==== INPUT FOR THIS TASK ====
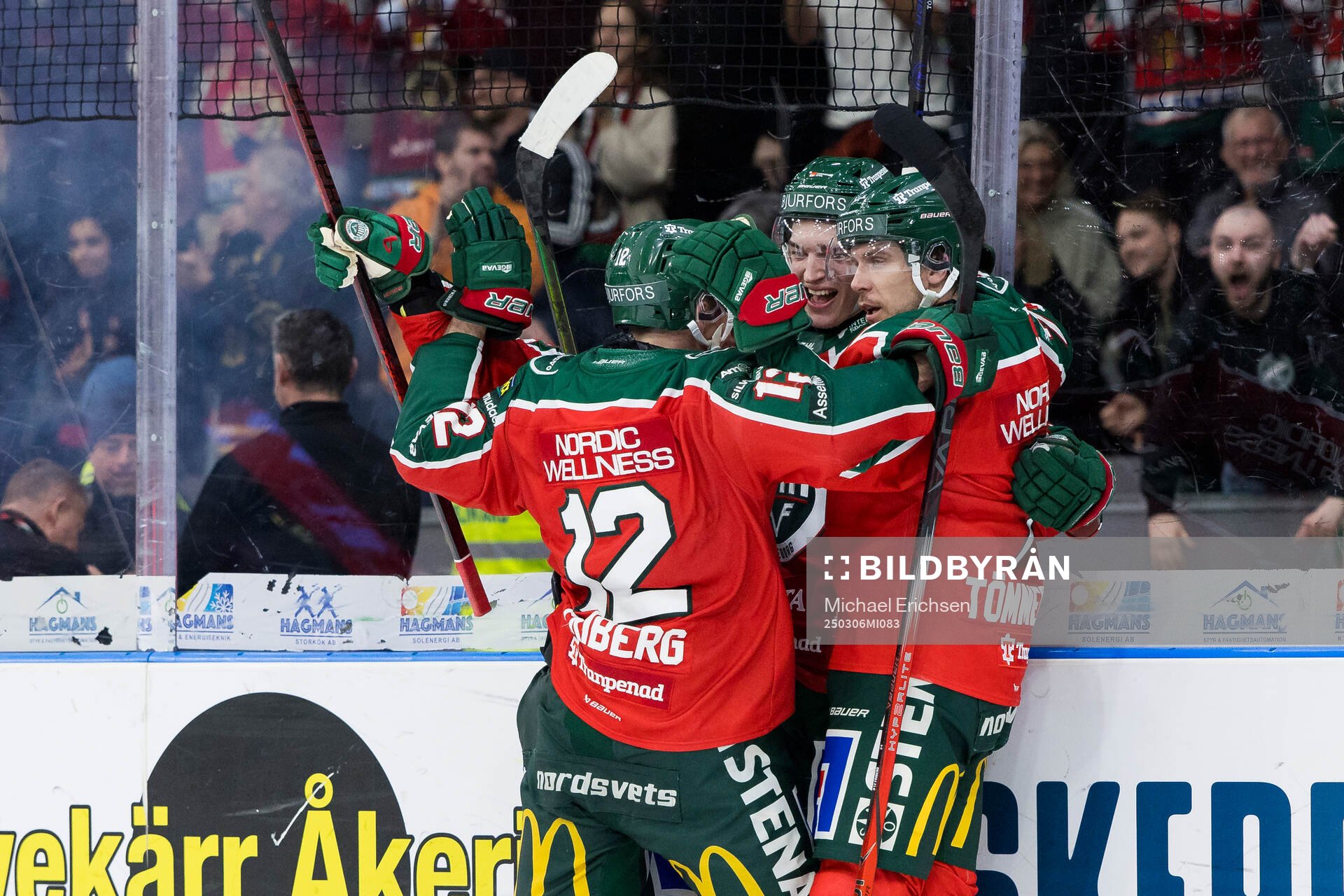 Frölundas David Edstrom jublar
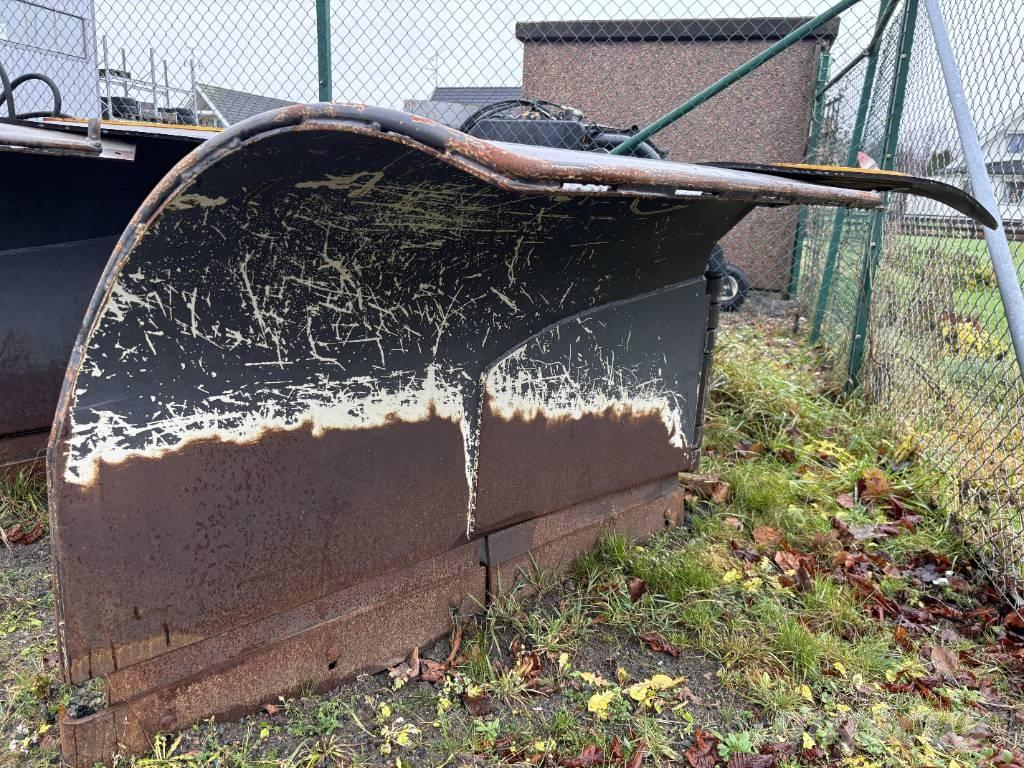 Uni-väg UV-320 Sniego peiliai ir valytuvai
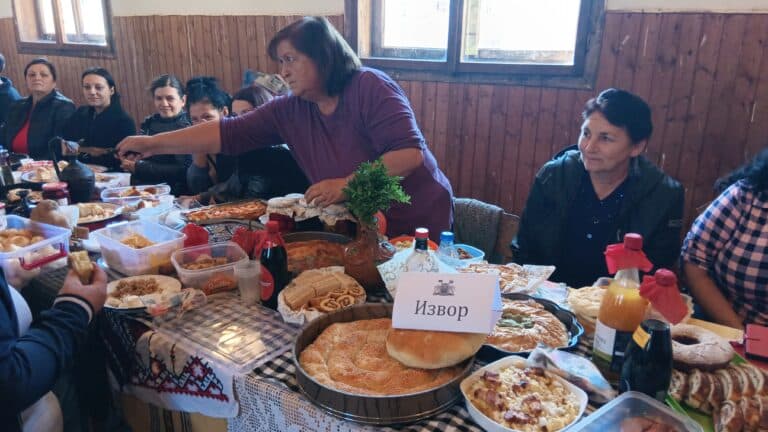Село Долно Тлъмино събра представители на повечето босилеградските села за ежегодните „Михолски срещи“ и „Празник на плодородието“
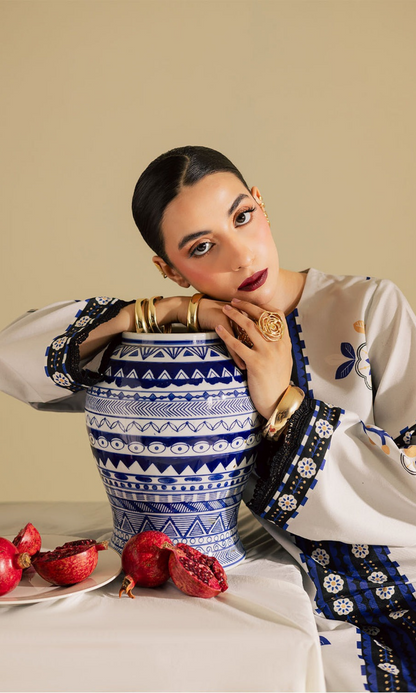 Vanya - 2PC (Unstitched) Printed Shamoz Silk Suit - VN075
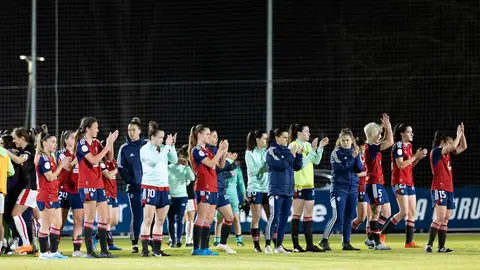 Osasuna Femenino Jugadoras aplauden a la afición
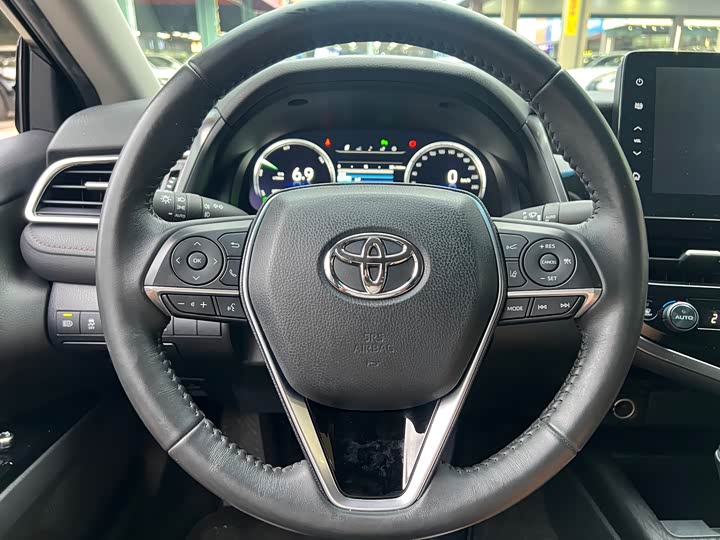 Фото 4 - Toyota Camry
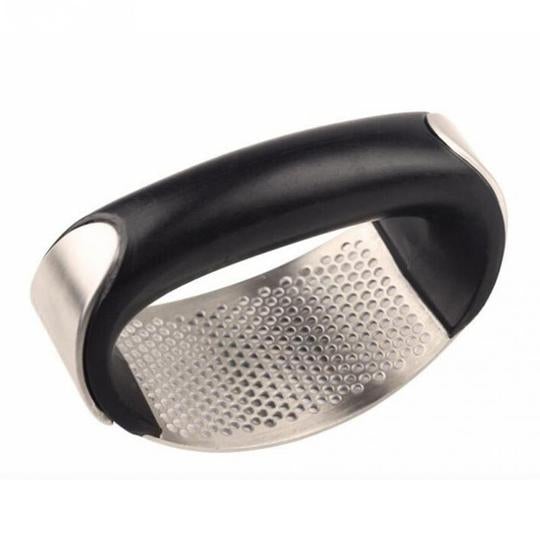 Heavy duty stainless steel garlic press with self-cleaning mechanism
====
● **EXERCISE AIM**:
Hand back the records above exactly as they are, pictures excluded.

● **REPLY TO THE EXERCISE**:
 Frölundas David Edstrom jublar
 Uni-väg UV-320 Sniego peiliai ir valytuvai
Село Долно Тлъмино събра представители на повечето босилеградските села за ежегодните „Михолски срещи“ и „Празник на плодородието“
 Vanya - 2PC (Unstitched) Printed Shamoz Silk Suit - VN075
 Osasuna Femenino Jugadoras aplauden a la afición
 Фото 4 - Toyota Camry
 Heavy duty stainless steel garlic press with self-cleaning mechanism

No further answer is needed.